▶ _TASK REQUIREMENTS_:
Retype the lines from the one containing "Brunetka lesbijskie porno" through the last line of the entries below, exactly and in full, omitting every image.

▶ _DATA EXCERPTS_:
= = = = = = =

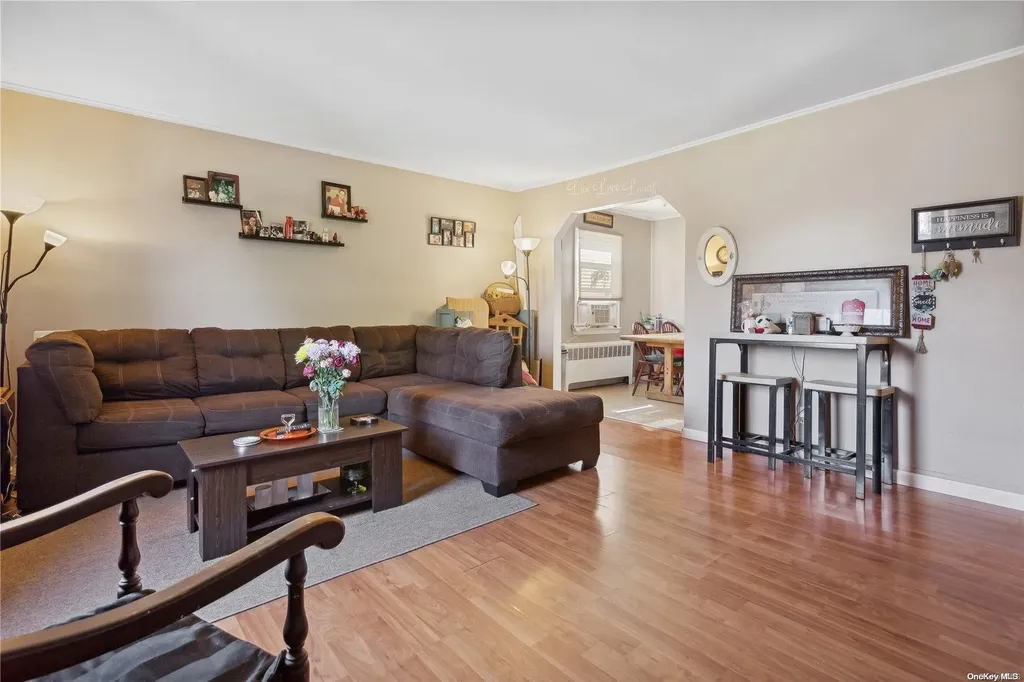 6 Mitchell Avenue Babylon NY 11702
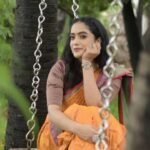 Abhirami Venkatachalam Instagram - “There will be people who say to you, ‘You are out of your lane.’ They are burdened by only having the capacity to see what has always been instead of what can be. But don’t you let that burden you." Videography- @vino_francis_roy Assisted- @nish_ant__ Hair&makeup- @pavihairandmakeup Location- @marutham.village.resort #diwali #wishes #traditional #saree #superstar #tamil #tamilcinema #abhiramivenkatachalam #chennai #shivajitheboss #arrahman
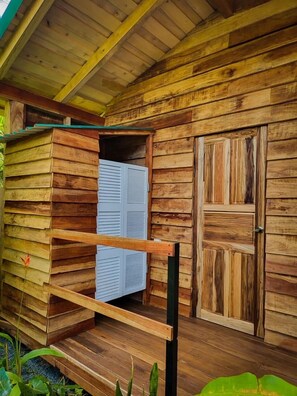 Cabana conforto, banheiro privativo | Banheiro | Chuveiro, produtos de toalete grátis, toalhas de banho 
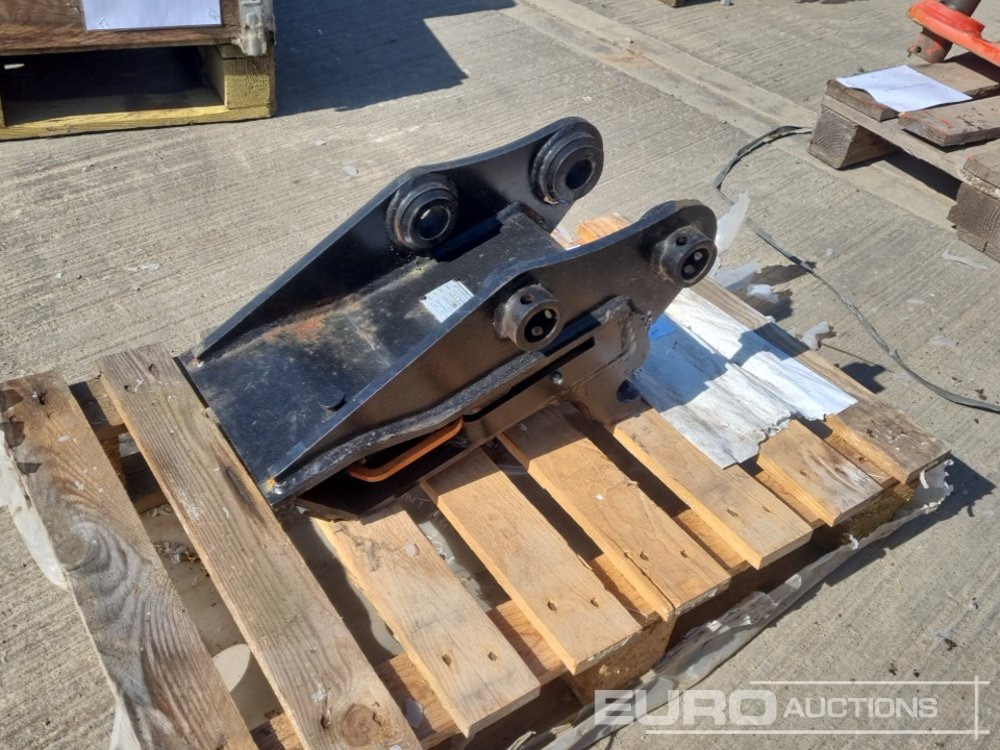 2022 Harford Manual Dedicated QH 35mm Pin to suit Mini Excavator - Attache rapide: photos 3 2022 Harford Manual Dedicated QH 35mm Pin to suit Mini Excavator - Attache rapide: photos 3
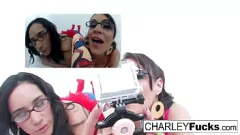 Brunetka lesbijskie porno CHARLEY Chase & Friend Go Wild With Dildo & Oral Sex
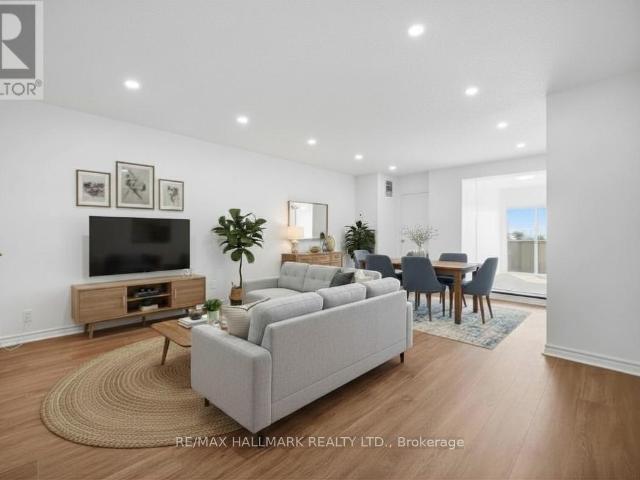 apartment at 314 3025 THE CREDIT WOODLANDS DRIVE, Mississauga, Ontario, L5C2V3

= = = = = = =

▶ _EXERCISE RESULT_:
 Brunetka lesbijskie porno CHARLEY Chase & Friend Go Wild With Dildo & Oral Sex
 apartment at 314 3025 THE CREDIT WOODLANDS DRIVE, Mississauga, Ontario, L5C2V3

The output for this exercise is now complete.